I am currently thinking about how we will implement the network in our house. In this context, I thought it would be nice if some of you share how you have individually implemented the advanced network. I am an IT professional myself, but my focus lies elsewhere. Nevertheless, feel free to get technical; I assume I will understand you.

I am interested in:
- how you have segmented your networks
- which devices you use (manufacturer independent)
- which devices (manufacturer independent) you have together in which network and why
- which networks you allow to communicate with each other
- how you have implemented external access, if desired
- do you possibly have a DMZ
- what do you consider a "must have" and what a "nice to have"

@rick2018 [USER=46794] and @Mycraft [USER=19382] will certainly have quite a few ideas...

They are certainly predestined. But there are more. Superzapp, and the good colleague whose name I can't remember right now. Sorry ops:

There are certainly many who can write more about this and may also be professionally involved with it. You are aware that you will be far outside an all-in-one box (like a Fritzbox), right? "Upscale" is also relative. Unifi is just clicky-colorful and you have centralized management. They are great value for money with APs. If you are willing to invest more time, Mikrotik routers, PFsense, etc. are certainly an alternative. HP and Cisco are luxury. The new Unifi also have augmented reality. I am not from the industry. For me, the fairly good ease of use combined with the possibilities was decisive. I can live with the limitations. I also don't want to have to hire an administrator for my network.

Regarding your questions:
- Networks are divided into management (all network devices such as switches, APs, Cloudkey...), cameras, home automation, security, IoT, home network (productive network), guest, outdoor, VPN. If we had children or it was necessary for work, I would separate more for these applications.

- Devices are cable modem, 10GB router, 10GB switch, 2 x POE switch (48-port), 1 x switch (48-port), APs, cameras, NAS...

- I have a fairly large NAS plus expansion card. Thus, it is connected to different networks. Depending on the network, only certain services are provided. The printer is available in the home and guest network. TVs, smart speakers, robot vacuum cleaners, kitchen appliances, charging station, mailbox, etc. go into the IoT network. All components of home automation are together in one network. Likewise cameras.

- Only my three devices (laptop, phone, and tablet) have full access to the other networks. Otherwise, they are separate. Home server gets access to the camera streams. Phones to the IoT network. "Normal access" to the cameras is via the NAS.

- External access via VPN (on the router). Only two port openings with non-critical services.

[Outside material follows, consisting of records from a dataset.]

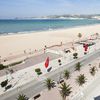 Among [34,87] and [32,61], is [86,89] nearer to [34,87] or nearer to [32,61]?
[34,87]

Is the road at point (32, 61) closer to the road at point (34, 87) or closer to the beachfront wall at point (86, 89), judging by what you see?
the road at point (34, 87)

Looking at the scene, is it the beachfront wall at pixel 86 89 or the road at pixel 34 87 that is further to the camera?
the road at pixel 34 87

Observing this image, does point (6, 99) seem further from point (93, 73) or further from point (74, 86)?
point (93, 73)

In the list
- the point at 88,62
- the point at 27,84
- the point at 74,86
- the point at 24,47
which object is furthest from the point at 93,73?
the point at 24,47

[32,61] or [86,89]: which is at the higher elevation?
[86,89]

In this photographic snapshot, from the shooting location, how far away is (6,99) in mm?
26844

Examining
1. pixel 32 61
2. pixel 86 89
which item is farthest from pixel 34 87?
pixel 32 61

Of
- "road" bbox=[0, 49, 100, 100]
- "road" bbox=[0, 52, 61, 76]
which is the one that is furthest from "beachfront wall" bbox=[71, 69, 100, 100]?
"road" bbox=[0, 52, 61, 76]

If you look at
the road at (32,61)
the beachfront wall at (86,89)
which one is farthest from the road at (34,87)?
the road at (32,61)

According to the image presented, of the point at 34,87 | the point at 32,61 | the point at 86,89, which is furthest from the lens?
the point at 32,61

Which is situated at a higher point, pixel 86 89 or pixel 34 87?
pixel 86 89

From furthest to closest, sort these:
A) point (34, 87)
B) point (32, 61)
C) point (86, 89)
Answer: point (32, 61) < point (34, 87) < point (86, 89)

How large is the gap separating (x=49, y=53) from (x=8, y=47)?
17.1m

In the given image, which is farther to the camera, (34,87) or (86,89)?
(34,87) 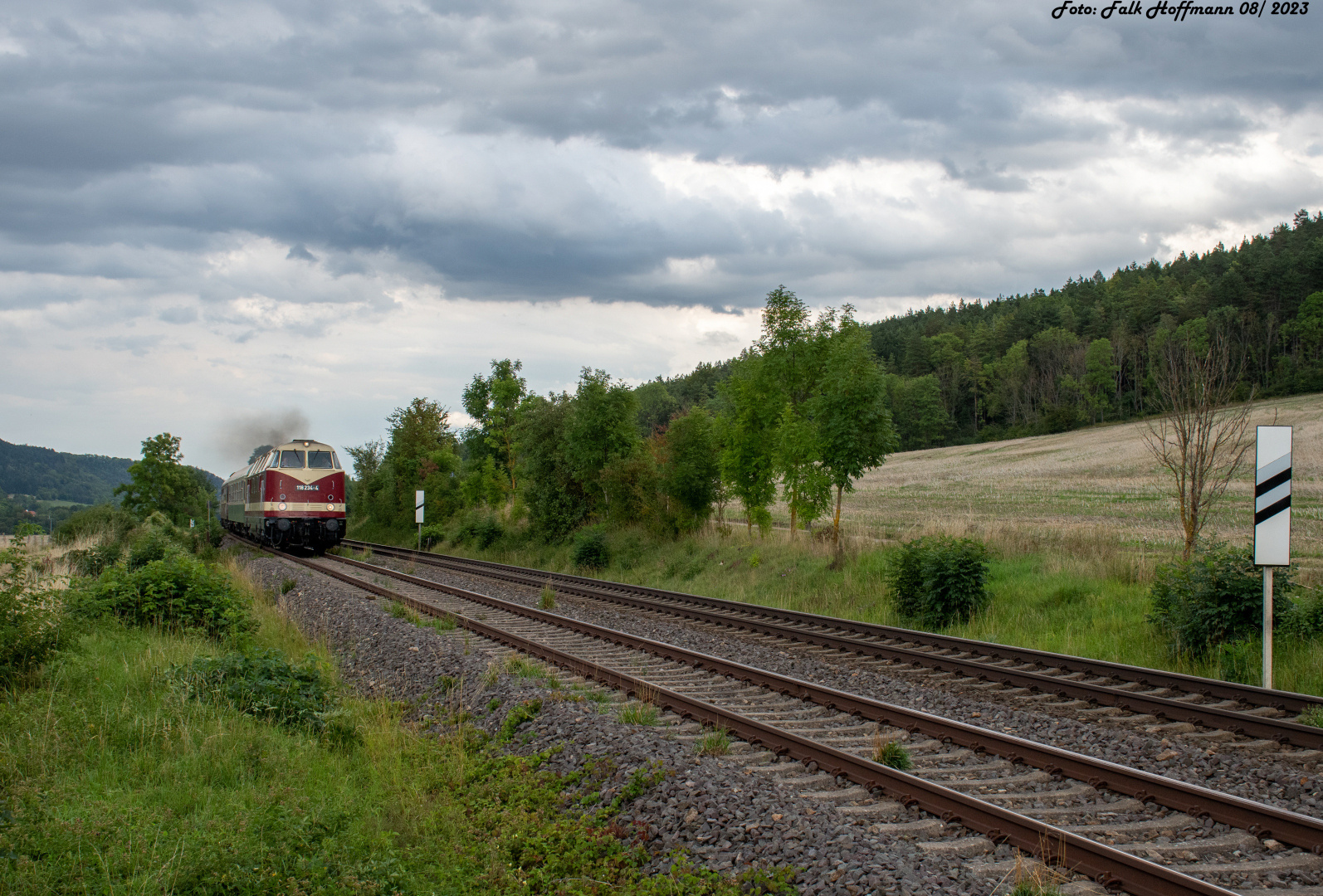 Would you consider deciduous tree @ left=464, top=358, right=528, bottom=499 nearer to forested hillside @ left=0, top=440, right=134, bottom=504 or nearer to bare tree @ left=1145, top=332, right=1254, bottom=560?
bare tree @ left=1145, top=332, right=1254, bottom=560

- Currently, I am running a DMZ. However, this is due to the current situation with my temporary network. Later it will be switched to a router.

- Must-have: sufficient LAN sockets and APs. Nice-to-have: cameras, home automation

What exactly do your requirements look like? What do you want to operate in your network? If it’s just about some surfing/streaming + printer + NAS, honestly, I wouldn’t know why you should make it so complicated. I’m an IT professional too, but at home it’s nice when things just work and you don’t have to configure much.

Ubiquity recently has the UniFi Dream Machine Pro in its range. It has many useful features at a very good price.